10 Woe to him who says to his father,
'What have you begotten?'
or to his mother,
'What have you brought to birth?'
11 "This is what the LORD says—
the Holy One of Israel, and its Maker:
Concerning things to come,
do you question me about my children,
or give me orders about the work of my hands?
12 It is I who made the earth
and created mankind upon it.
My own hands stretched out the heavens;
I marshaled their starry hosts.
In Isaiah 61:
For as the soil makes the sprout come up
and a garden causes seeds to grow,
so the Sovereign LORD will make righteousness and praise
spring up before all nations.
Isaiah 62:
For Zion's sake I will not keep silent,
for Jerusalem's sake I will not remain quiet,
till her righteousness shines out like the dawn,
her salvation like a blazing torch.
2 The nations will see your righteousness,
and all kings your glory;
you will be called by a new name
that the mouth of the LORD will bestow.
3 You will be a crown of splendor in the LORD's hand,
a royal diadem in the hand of your God.
4 No longer will they call you Deserted,
or name your land Desolate.
But you will be called Hephzibah, [a]
and your land Beulah [b] ;
for the LORD will take delight in you,
and your land will be married.
5 As a young man marries a maiden,
so will your sons [c] marry you;
as a bridegroom rejoices over his bride,
so will your God rejoice over you
I Corinthians 15
35But someone may ask, "How are the dead raised? With what kind of body will they come?" 36How foolish! What you sow does not come to life unless it dies. 37When you sow, you do not plant the body that will be, but just a seed, perhaps of wheat or of something else. 38But God gives it a body as he has determined, and to each kind of seed he gives its own body. 39All flesh is not the same: Men have one kind of flesh, animals have another, birds another and fish another. 40There are also heavenly bodies and there are earthly bodies; but the splendor of the heavenly bodies is one kind, and the splendor of the earthly bodies is another. 41The sun has one kind of splendor, the moon another and the stars another; and star differs from star in splendor.

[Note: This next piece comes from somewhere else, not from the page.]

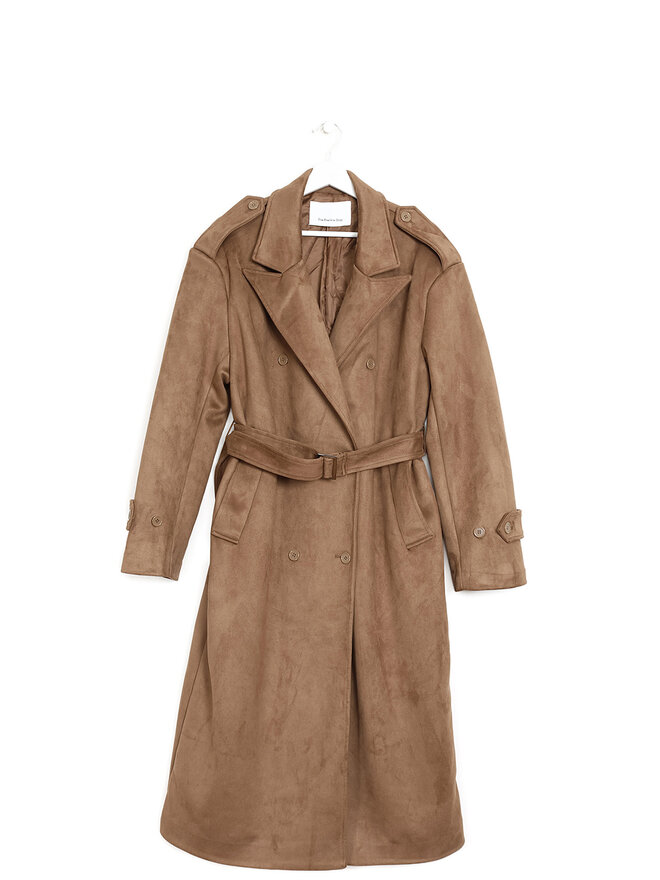 The Frankie Shop Pembroke Faux Suede Belted Coat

42So will it be with the resurrection of the dead. The body that is sown is perishable, it is raised imperishable; 43it is sown in dishonor, it is raised in glory; it is sown in weakness, it is raised in power; 44it is sown a natural body, it is raised a spiritual body.
If there is a natural body, there is also a spiritual body. 45So it is written: "The first man Adam became a living being"[e]; the last Adam, a life-giving spirit. 46The spiritual did not come first, but the natural, and after that the spiritual. 47The first man was of the dust of the earth, the second man from heaven. 48As was the earthly man, so are those who are of the earth; and as is the man from heaven, so also are those who are of heaven. 49And just as we have borne the likeness of the earthly man, so shall we[f] bear the likeness of the man from heaven.
50I declare to you, brothers, that flesh and blood cannot inherit the kingdom of God, nor does the perishable inherit the imperishable. 51Listen, I tell you a mystery: We will not all sleep, but we will all be changed— 52in a flash, in the twinkling of an eye, at the last trumpet. For the trumpet will sound, the dead will be raised imperishable, and we will be changed. 53For the perishable must clothe itself with the imperishable, and the mortal with immortality. 54When the perishable has been clothed with the imperishable, and the mortal with immortality, then the saying that is written will come true: "Death has been swallowed up in victory."[g]
55"Where, O death, is your victory?
Where, O death, is your sting?"[h] 56The sting of death is sin, and the power of sin is the law. 57But thanks be to God! He gives us the victory through our Lord Jesus Christ.